Safety zone: How to get HCWs to use precautions
Safety zone: How to get HCWs to use precautions
Education boosts eye protection, double-gloving
Are your employees using the protective gear and safety devices you provide them? Too often they’re not. Faced with data that showed lackluster adherence to safety precautions, Barnes-Jewish Hospital in St. Louis focused on education to bring about safer work practices.
Posters, cards, and educational sessions emphasized the importance of universal precautions, such as wearing protective eyewear and double-gloving in the operating room. Adherence increased from 54% to 66% for eyewear and from 28% to 52% for double-gloving, while needlesticks and body fluid exposure declined.1
Generally, the problem isn’t that health care workers lack knowledge about universal precautions, says Lynn Kim, MPH, research coordinator in the division of infectious diseases at Washington University School of Medicine in St. Louis. "They just were too busy, especially in the ER. A case would come in and they would just go in. They said [the eyewear] wasn’t easily accessible to them. We made some changes and tried to reduce those barriers."
Health care workers also may become complacent. Barnes-Jewish Hospital used a 50-item questionnaire to assess how much emergency department personnel knew about the transmission of bloodborne pathogens, their risk of infection after a needlestick, and the effectiveness of postexposure prophylaxis.
Only 20% of the 103 ED staff members surveyed could correctly identify the risk of transmission of a bloodborne pathogen after a needlestick injury from an HIV-positive, hepatitis B-positive, or hepatitis C-positive patient.2
More than one-third of respondents considered their lifetime occupational risk of HIV infection to be "insignificant," and 15% said they "only reported needlestick injuries if they knew the patient was HIV-positive."
"There haven’t been any conversions at our hospital for HIV," says Kim. "So then they may think they’re not really at risk. But we did provide them with data of blood that was tested for patients in the ER and let them know there is HIV among patients they’re seeing."
When infection control staff observed behaviors in the emergency department and operating room, they likewise found a loose attitude among many health care workers.
Only 38% of 57 nurses and 121 surgeons surveyed reported using double gloves most of the time. Yet their actual behavior was even less protective. In an observation of 76 surgical cases totaling 200 hours, only 16% of the nurses and physicians used double gloves.
"I think they intend to be [compliant with universal precautions], but they get into their daily routine and don’t think about it," says Kim.

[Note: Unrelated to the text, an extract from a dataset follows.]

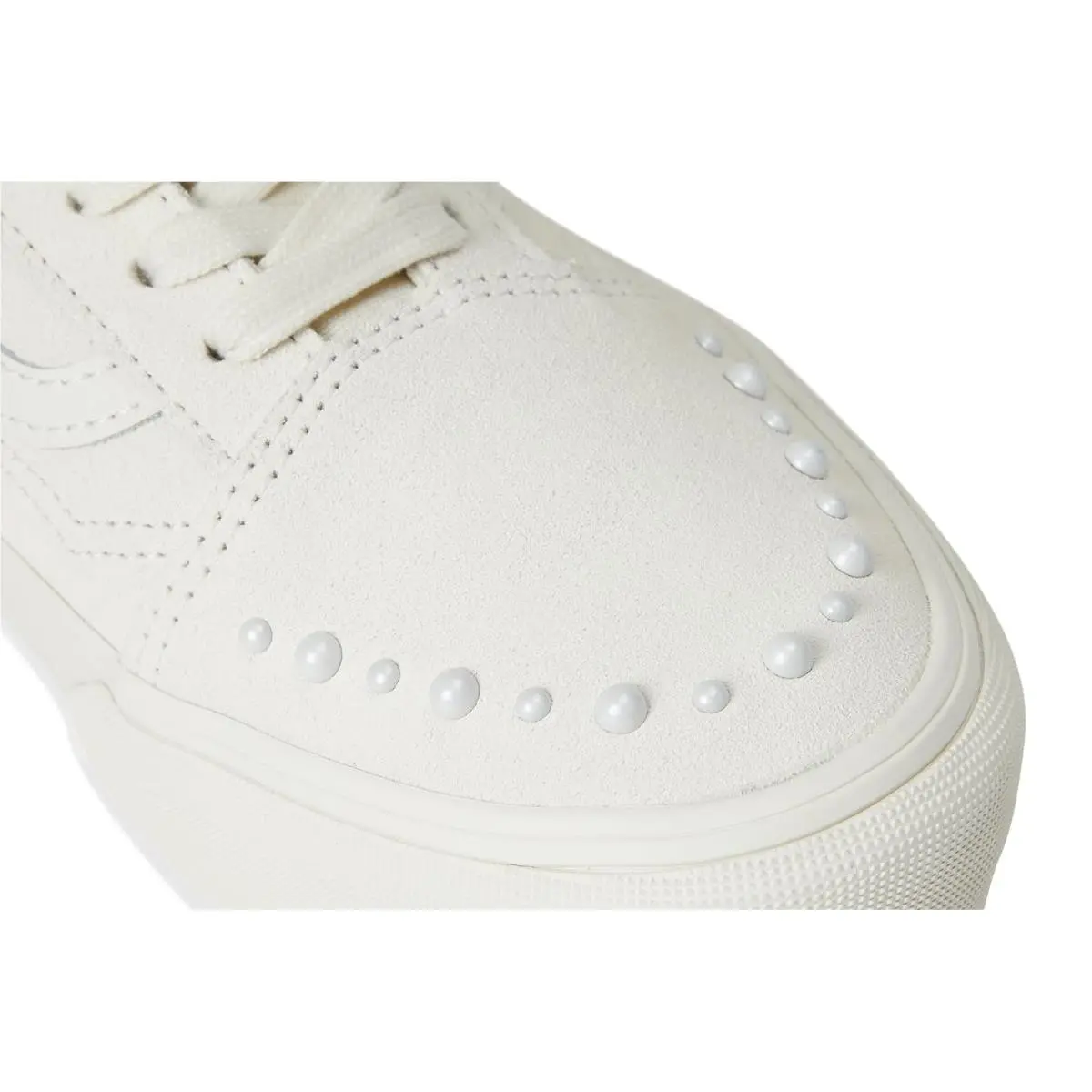 Vans shoes - Black/White 18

The hospital made some changes to make it easier for employees to comply with the precautions. For example, the gloves were moved to a shelf closer to the entrance to the ED trauma room where staff could grab them as they walked in. Trauma rooms were redesigned to reduce crowding, and limits were placed on the number of observers.
Yellow signs remind ED personnel to observe universal precautions, and a hands-on training program for medical students and interns helps them brush up on procedures associated with needlesticks, such as phlebotomy and arterial blood gases. Small reference cards remind personnel about what to do immediately after exposure to possible bloodborne pathogens, including the risks of acquiring HBV, HCV, and HIV and the phone number for reporting.
"We just kept focusing attention on [the precautions]," Kim says. "It helped people become more aware."
References
1. Kim L, Freeman B, Jeffe D, et al. Educational intervention improves compliance with Universal Precautions in the operating room for two years after training. Presented at the 10th annual meeting of the Society for Healthcare Epidemiology of America. Atlanta; March 5-9, 2000.
2. Kim LE, Evanoff BA, Parks RL, et al. Compliance with Universal Precautions among emergency department personnel: Implications for prevention programs. Am J Infect Control 1999; 27:453-455.